UK police plan facial recognition for Olympic venues

UK police plan facial recognition for Olympic venues
The photo software system is being trialled on riot suspects, police say.

The UK Metropolitan Police are testing facial-recognition software for the Olympics next year and have had the perfect field trial in the wake of this week's riots.

According to police officials, a system that was being considered for the Games has been being put through its paces as officers try to identify troublemakers that rioted across the UK.

Chief constable Andy Trotter of the British Transport Police told the Associated Press that the software was being used to identify people involved in the looting and violence, but said it was being used alongside conventional photo identifying methods.
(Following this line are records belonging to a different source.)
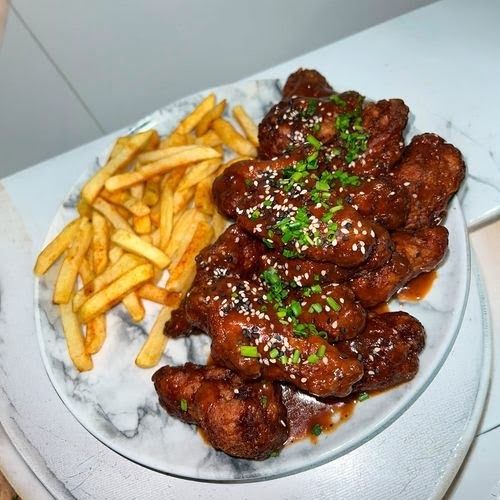 Alitas con papas — Moratto | Almuerzos de Casa, Hamburguesas & Heladería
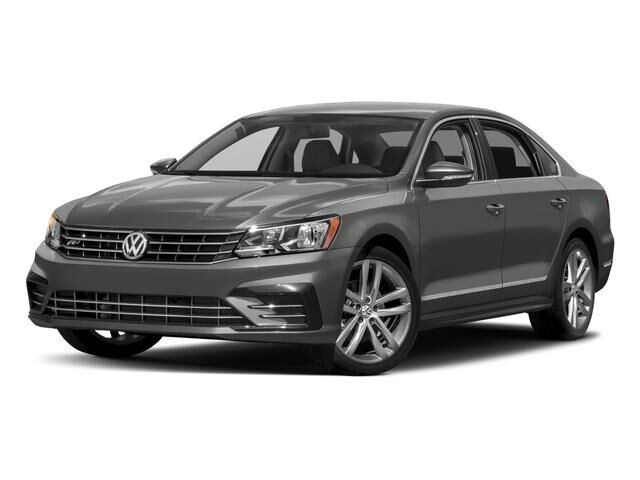 2017 VOLKSWAGEN Passat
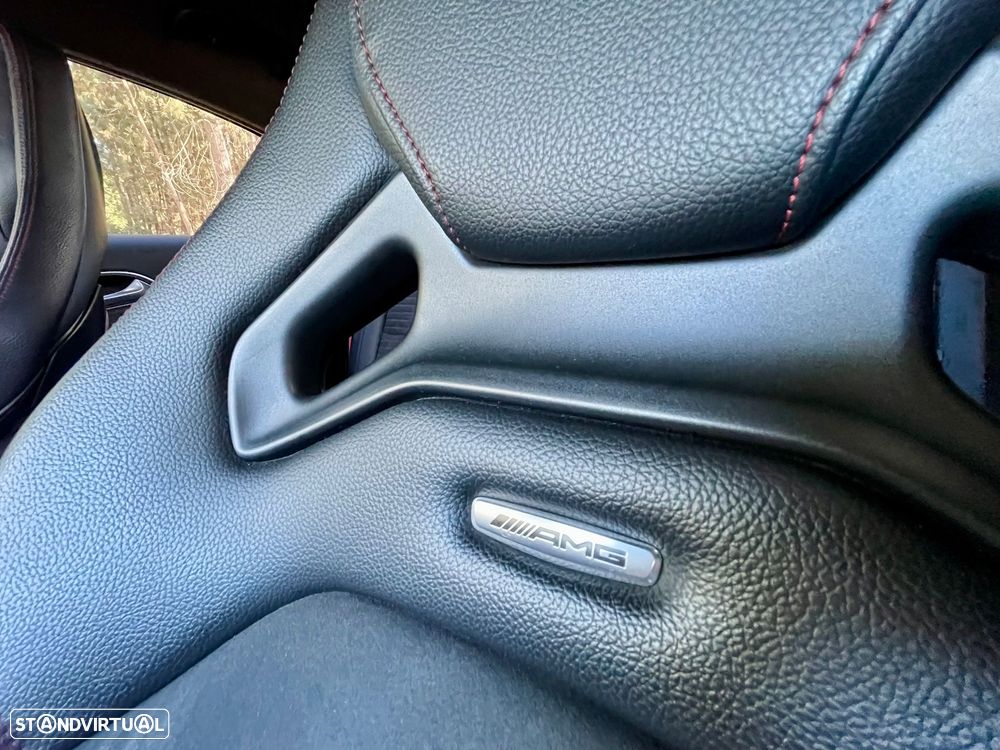 Mercedes-Benz A 45 AMG 4-Matic - 19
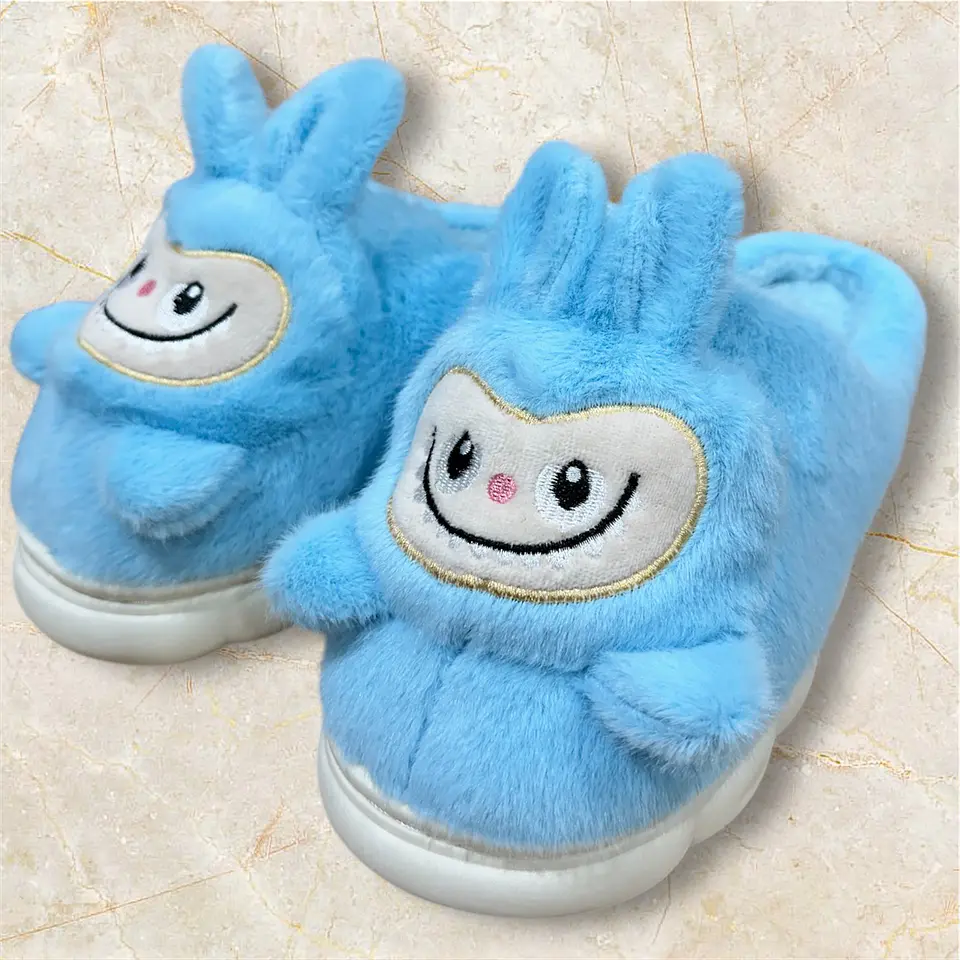 PANTUFLA PELUCHE LABUBU NIÑO TALLA 30/31 32/33 34/35 2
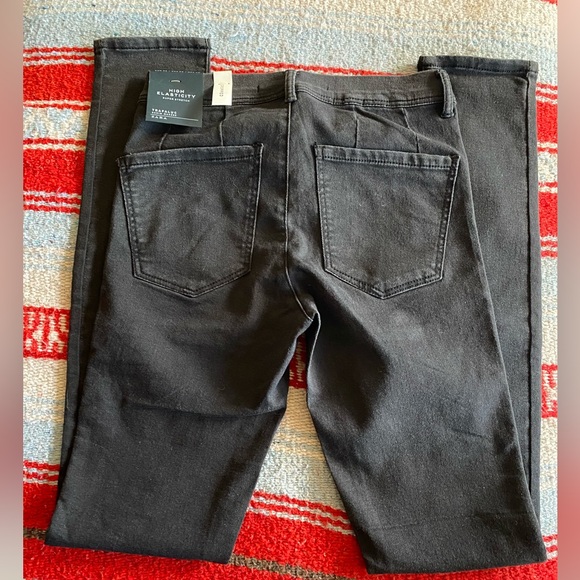 NWT Zara High Elasticity Low Rise Cropped Skinny Jeans! Size US 2! - Picture 4 of 10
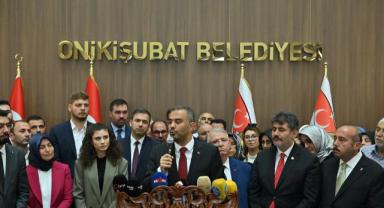 Onikişubat Belediye Başkanı Hanifi Toptaş, devir teslim töreniyle göreve başladı.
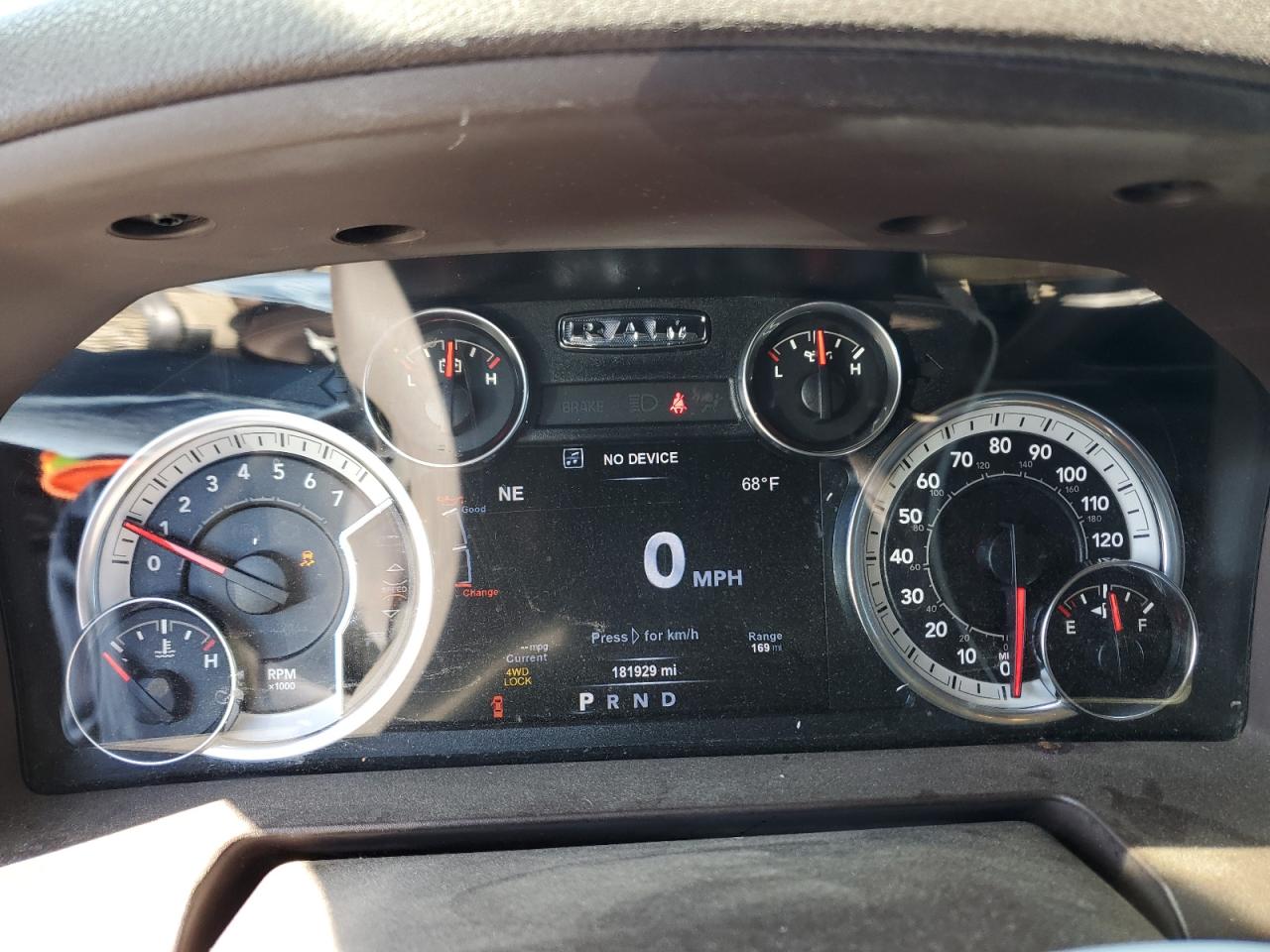 2017 RAM 1500 - Image 9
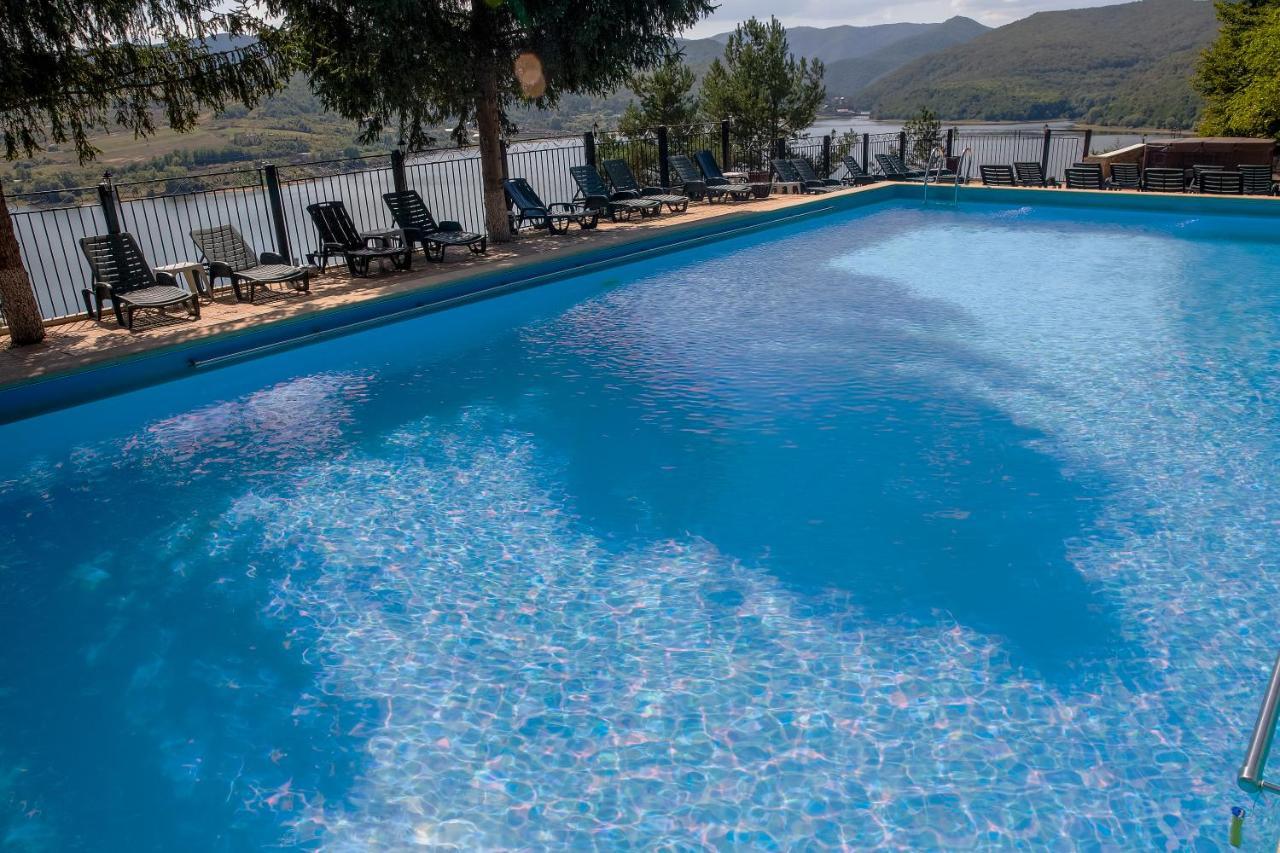 Motel צ'ינצ'יש מראה חיצוני תמונה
A press officer with Scotland Yard confirmed that facial recognition technology was at the force's disposal, although an Olympics spokesperson for the Association of Chief Police Officers would only confirm that the police would be using “a range of technologies at the venues to help protect visitors”.

UK police forces have been mulling facial recognition for some time, but the plans to use the technology at the Olympics – and the use in spotting rioters – mark a new development.

The technology outlined in police documentation involves a dimensional grid system, with software used to compare the distances between features of a sample image with images of known criminals stored on a police database.

"You have to have a good picture of a suspect and it is only useful if you have something to match it against," a police spokesperson told the Associated Press. "In other words, the suspect already has to have a previous criminal record."